Microloans are available through the USDA Farm Service Agency and have a simpler application process and less stringent requirements regarding farm management experience than traditional FSA loans.
The 2014 Farm Bill specifically excludes Micro-loans that are used by veterans from the term limits applied to other USDA Direct Operating Loans.
The legislation also limits the interest rate that may be charged to farmer veterans using Micro-Loans. Veteran Farmers may choose the Microloan Interest rate, which is set at 5%, or the regular interest rate for USDA Operating Loans. Currently, regular interest rates are below 5%, making them the better choice. As interest rates rise, the 5% Microloan rate may become more appealing. Essentially, Veteran Farmers will not pay more than 5% on Microloans.

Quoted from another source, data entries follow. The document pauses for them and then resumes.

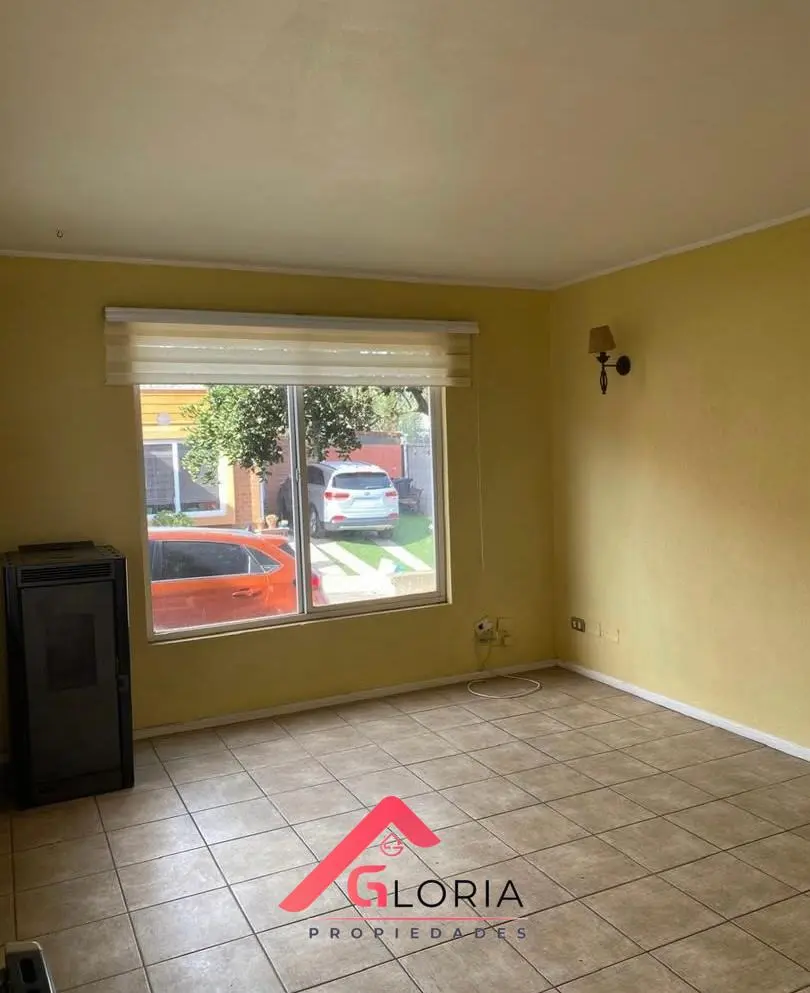 Imagen 5 de 12 de Vendemos Amplia Casa De 3 Pisos Condominio En Curauma Valpo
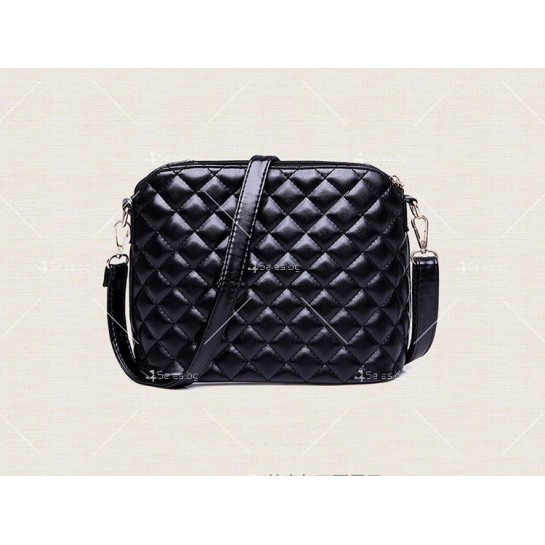 Комплект от 2 бр. дамски чанти в различен размер и 3 бр. портмонета  BAG69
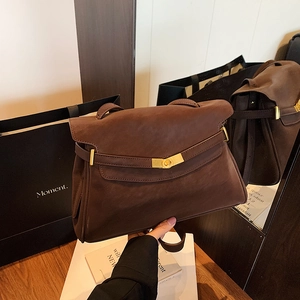 Sac fourre-tout vintage en daim marron foncé avec fermoir doré et bandoulière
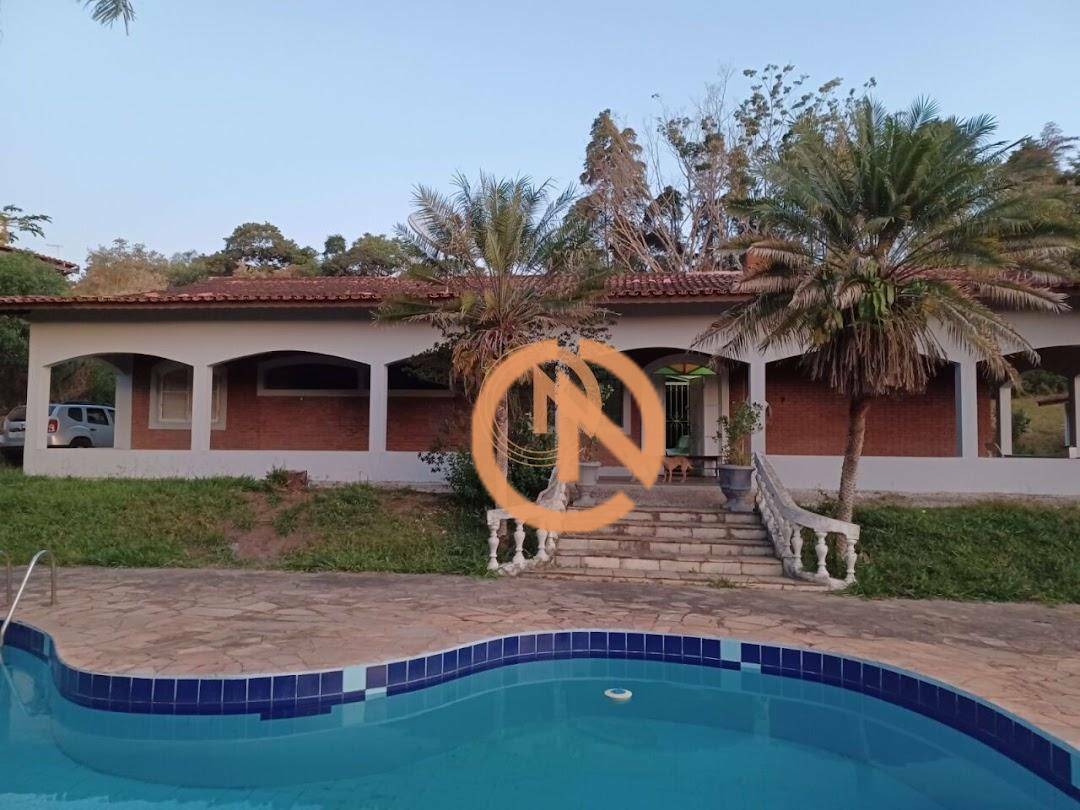 Chácara à venda com 3 quartos, 650m² - Foto 1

Outreach and Assistance for Veteran Farmers and Ranchers
Beginning Farmer and Rancher Development Grant. The BFRDP, administered by the USDA National Institute of Food and Agriculture (NIFA), provides grants to organizations providing training, education, outreach, and technical assistance to beginning farmers and ranchers. Under the 2014 Farm Bill assistance for veteran farmers is made a priority under the BFRDP by specifically including “agricultural rehabilitation and vocational training” as an eligible service and providing a 5% set aside of BFRDP funding for programs serving veterans.
The Outreach and Assistance Program for Socially Disadvantaged Farmers and Ranchers has been expanded to include veterans. This allows the USDA to provide additional technical assistance to veterans focused on enabling farm ownership and operation as well as outreach to encourage participation in USDA programs.
Military Veterans Agricultural Liaison. The Farm Bill legislation also increases advocacy and coordination for veteran farmers and ranchers by creating the position of Military Veterans Agricultural Liaison. This position will help connect returning veterans with agricultural programs as well as assist in the use of veterans education benefits for a farm or ranching career. The Liaison will also advocate on behalf of veterans in interactions with USDA employees. This position appears to essentially facilitate critical two-way communication, providing information to veterans on fully utilizing government programs and ensuring USDA personnel understand veteran characteristics and implementation of new veteran programs.
The Veterans Liaison will also be able to enter agreements with a variety of service providers to promote research, development of educational materials, workshops and vocational training, and mentorships and apprenticeships that serve veteran farmers.